*** Opening SUPPLIED MATERIAL ***

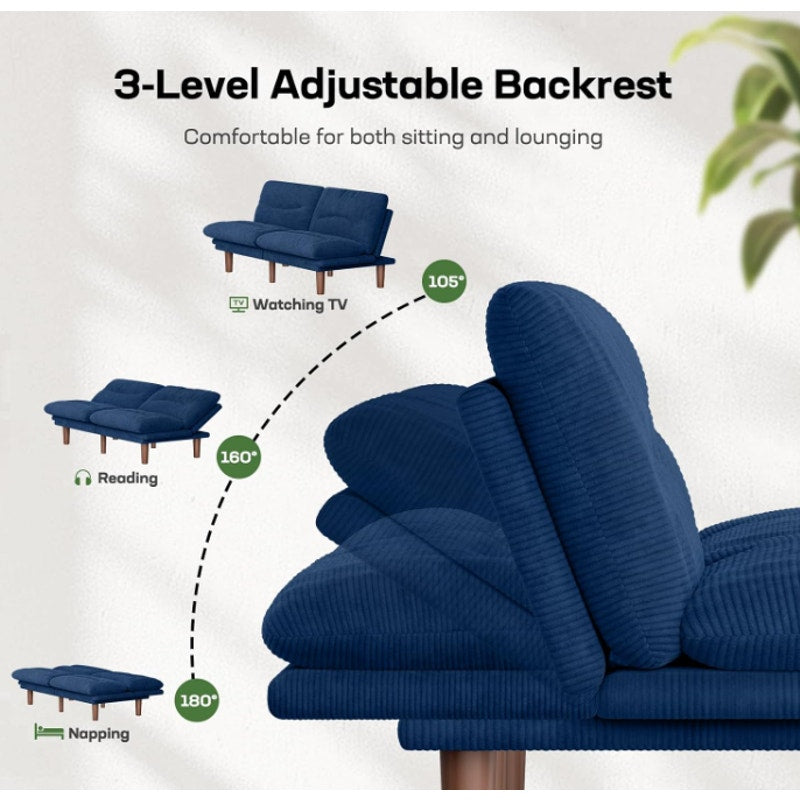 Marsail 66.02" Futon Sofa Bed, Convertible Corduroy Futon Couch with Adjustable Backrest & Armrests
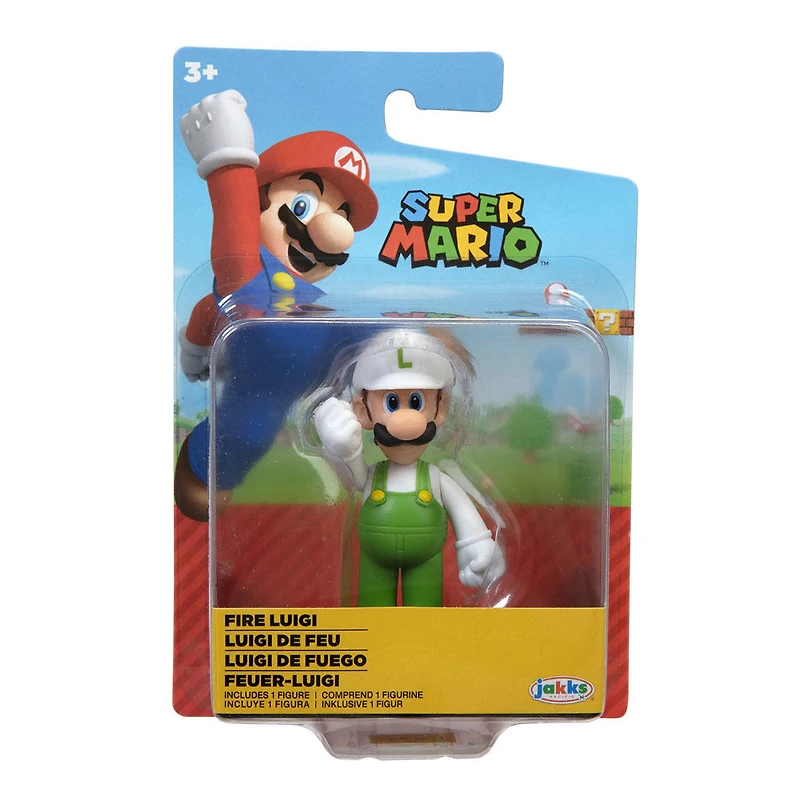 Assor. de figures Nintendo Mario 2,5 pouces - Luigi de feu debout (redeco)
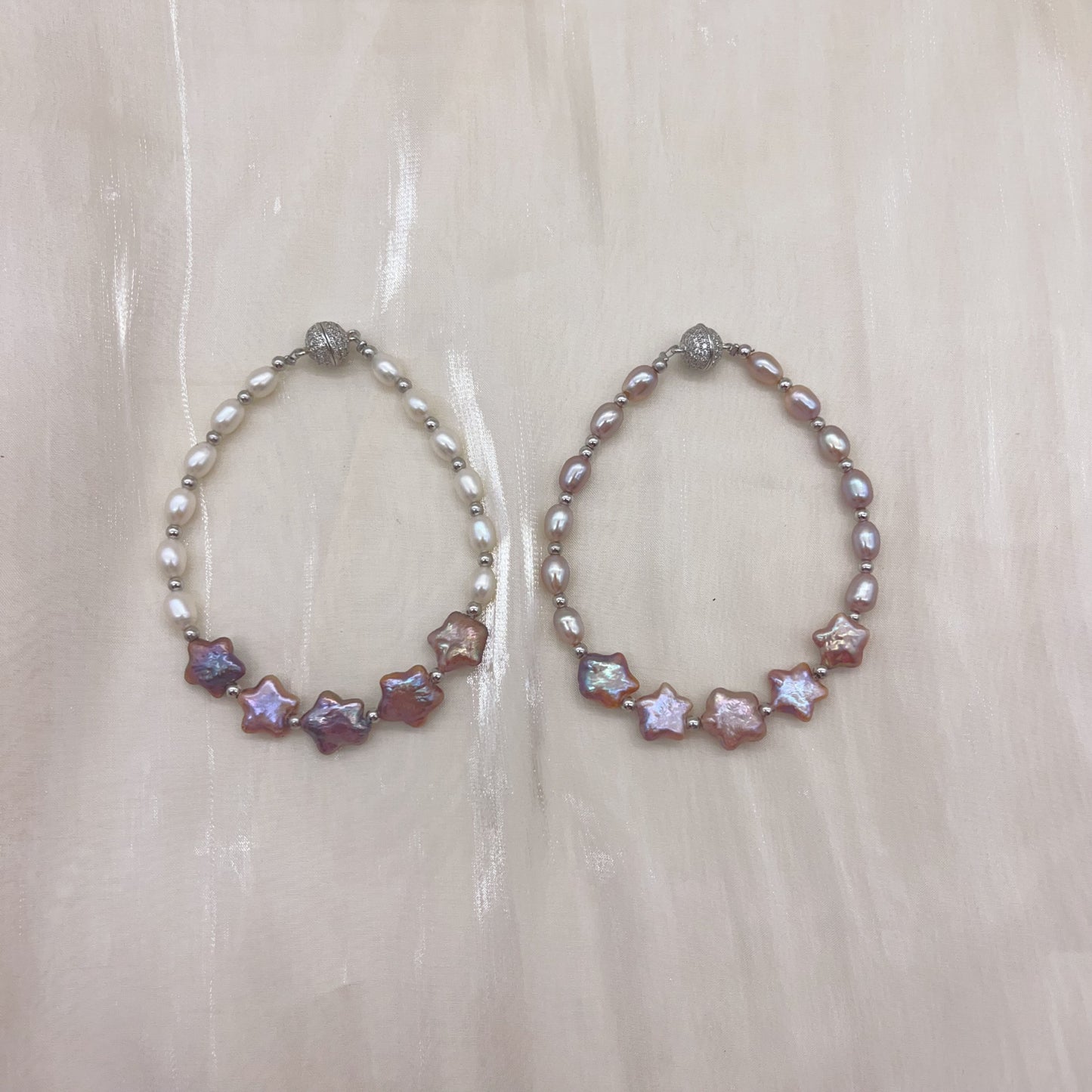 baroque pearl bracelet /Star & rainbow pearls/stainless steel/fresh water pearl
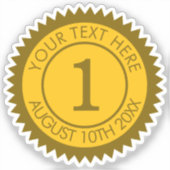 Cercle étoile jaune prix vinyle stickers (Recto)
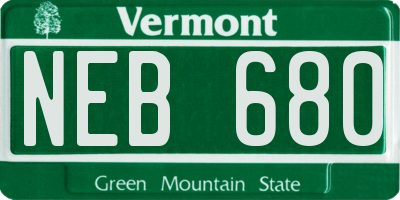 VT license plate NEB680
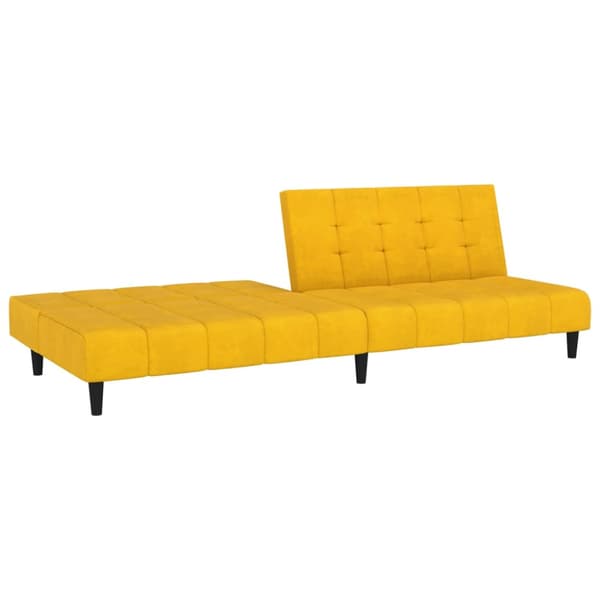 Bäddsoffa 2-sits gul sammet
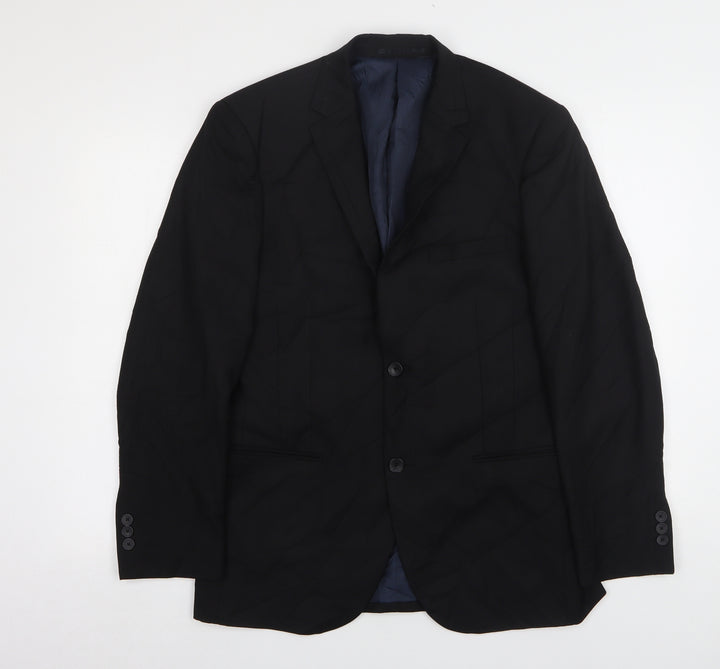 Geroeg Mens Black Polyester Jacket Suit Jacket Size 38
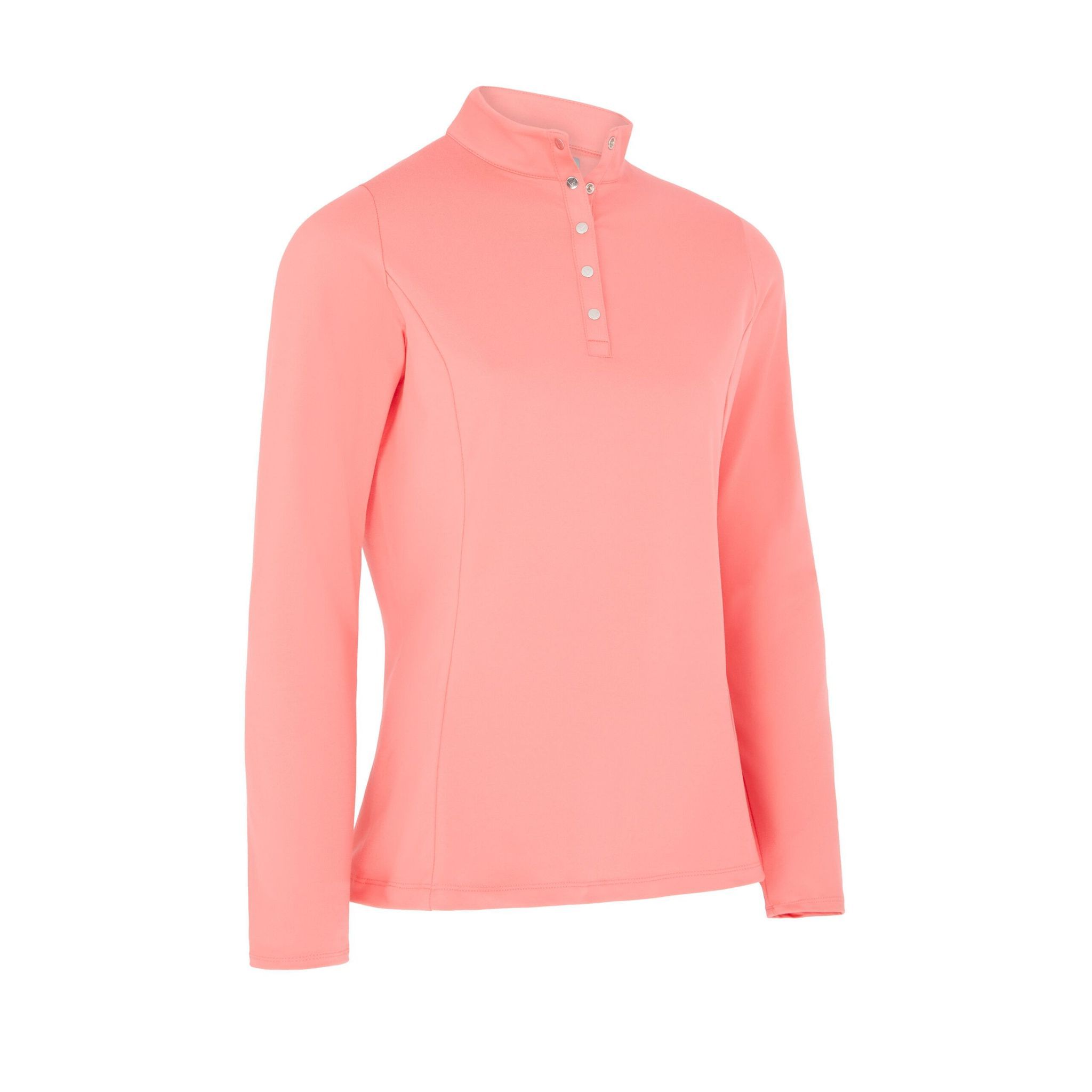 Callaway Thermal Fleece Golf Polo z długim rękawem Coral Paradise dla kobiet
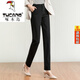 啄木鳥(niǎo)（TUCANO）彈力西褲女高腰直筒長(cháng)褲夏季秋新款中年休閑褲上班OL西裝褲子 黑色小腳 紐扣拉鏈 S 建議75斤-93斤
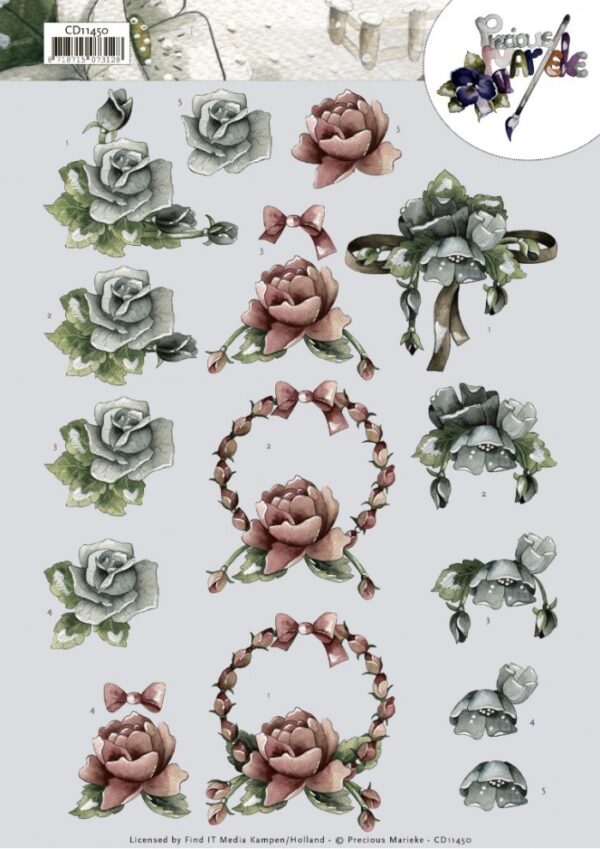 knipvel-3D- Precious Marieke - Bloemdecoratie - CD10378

*** Closing SUPPLIED MATERIAL ***

AIM OF THE TASK >> Retype the data in full. Images do not go in the copy.

EXERCISE SOLUTION >>
 Marsail 66.02" Futon Sofa Bed, Convertible Corduroy Futon Couch with Adjustable Backrest & Armrests
 Assor. de figures Nintendo Mario 2,5 pouces - Luigi de feu debout (redeco)
 baroque pearl bracelet /Star & rainbow pearls/stainless steel/fresh water pearl
 Cercle étoile jaune prix vinyle stickers (Recto)
 VT license plate NEB680
 Bäddsoffa 2-sits gul sammet
 Geroeg Mens Black Polyester Jacket Suit Jacket Size 38
 Callaway Thermal Fleece Golf Polo z długim rękawem Coral Paradise dla kobiet
 啄木鳥(niǎo)（TUCANO）彈力西褲女高腰直筒長(cháng)褲夏季秋新款中年休閑褲上班OL西裝褲子 黑色小腳 紐扣拉鏈 S 建議75斤-93斤
 knipvel-3D- Precious Marieke - Bloemdecoratie - CD10378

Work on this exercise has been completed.